* **ASSIGNMENT**
Give back all of the data exactly as it stands, with the pictures removed.

#### SUPPLIED MATERIAL

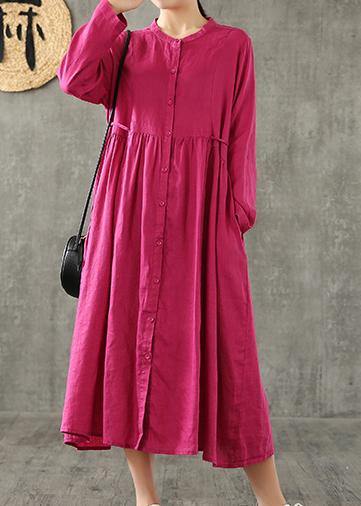 Women purple linen Wardrobes Cinched pockets cotton spring Dress - SooLinen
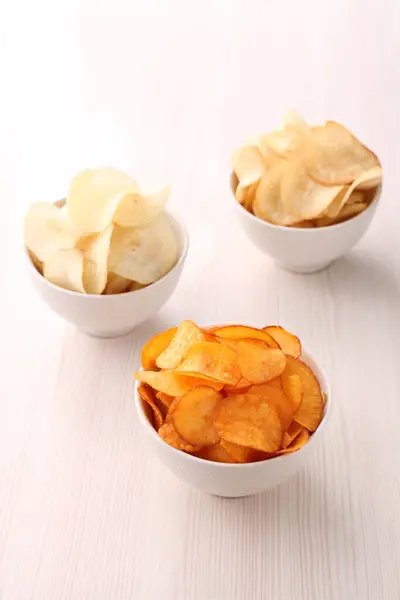 Patatas Fritas Con Crema Agria — Foto de Stock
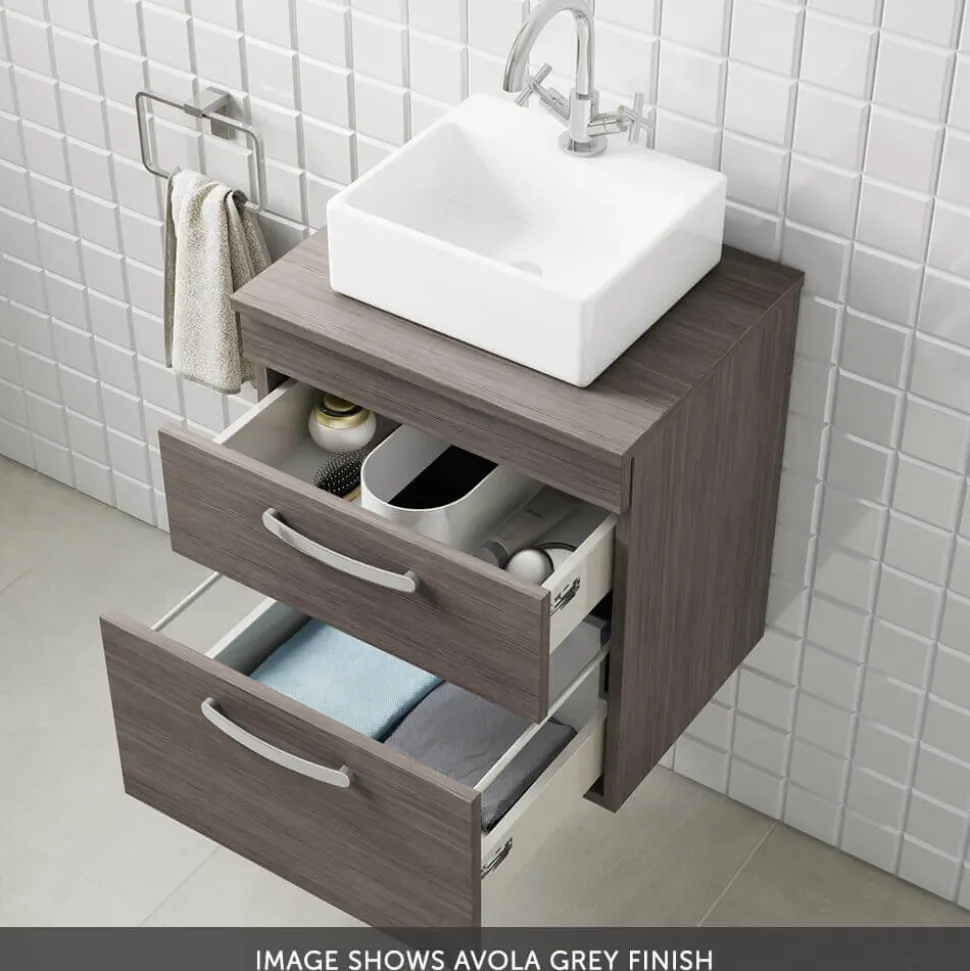Emily 600mm Wall Mounted 2 Drawer Vanity Unit and Countertop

########

* **ANSWER SECTION**
 Women purple linen Wardrobes Cinched pockets cotton spring Dress - SooLinen
 Patatas Fritas Con Crema Agria — Foto de Stock
Emily 600mm Wall Mounted 2 Drawer Vanity Unit and Countertop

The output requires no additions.